Personal information
- Full name: Walid Hassan Abdallah Ibrahim Al Rekabi
- Date of birth: 19 November 1991 (age 33)
- Place of birth: Tripoli, Libya
- Height: 1.75 m (5 ft 9 in)
- Position(s): Right-back

Team information
- Current team: Almahalla SC
- Number: 25

Senior career*
- Years: Team / Apps / (Gls)
- 2008–2013: Almahalla SC
- 2013–2017: Aschat SC
- 2017–2018: Al Khums SC
- 2018–2019: Ittihad Misurata
- 2019–2021: Al-Merrikh SC
- 2021–: Almahalla SC

International career^{‡}
- 2020–: Sudan / 7 / (0)

= Walid Hassan (footballer) =

Sudanese footballer (born 1991)

Walid Hassan Abdallah Ibrahim Al Rekabi (وليد حسن عبدالله الركابي, born 19 November 1991) is a professional footballer who plays as a right-back for Almahalla SC. Born in Libya, he plays for the Sudan national team.

==Career==
Hassan is a youth product of the Libyan club Almahalla SC, and began his career with them.
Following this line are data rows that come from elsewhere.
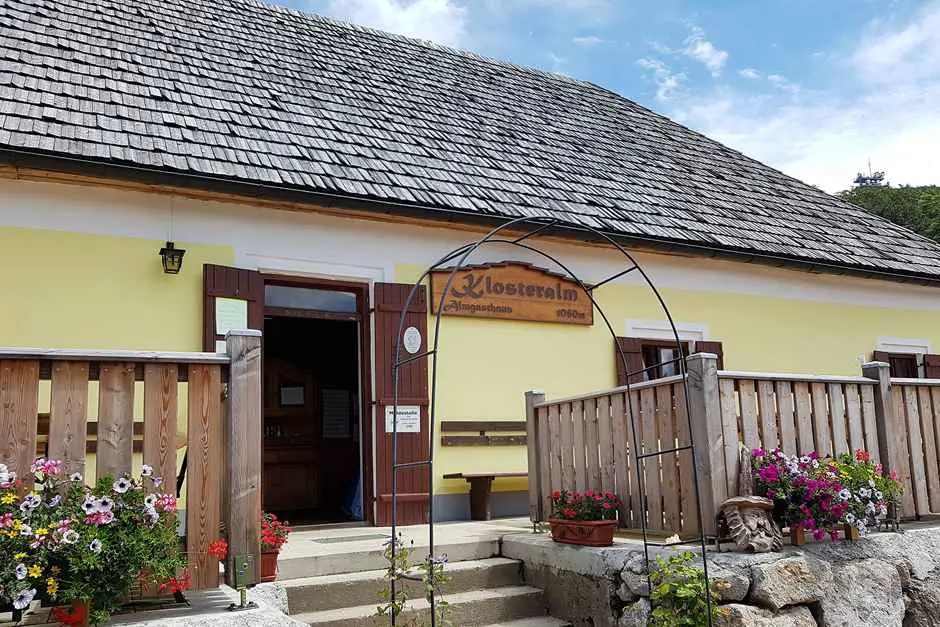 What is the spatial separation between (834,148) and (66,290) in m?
55.7

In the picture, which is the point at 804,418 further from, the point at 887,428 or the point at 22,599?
the point at 22,599

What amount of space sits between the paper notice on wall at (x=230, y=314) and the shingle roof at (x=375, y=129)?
1059 millimetres

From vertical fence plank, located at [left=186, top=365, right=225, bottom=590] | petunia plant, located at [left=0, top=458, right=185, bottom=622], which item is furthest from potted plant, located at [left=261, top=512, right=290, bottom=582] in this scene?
petunia plant, located at [left=0, top=458, right=185, bottom=622]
He followed them with stints at Aschat SC, Al Khums SC and Ittihad Misurata. In 2019, after the Libyan Premier League got stopped, he moved to the Sudanese club Al-Merrikh SC. He returned to this first club Almahalla on 24 May 2021.

==International career==
Born in Libya, Hassan is of Sudanese descent. Hassan made his debut with the Sudan national team in a friendly 1–0 win over Eritrea on 25 January 2020.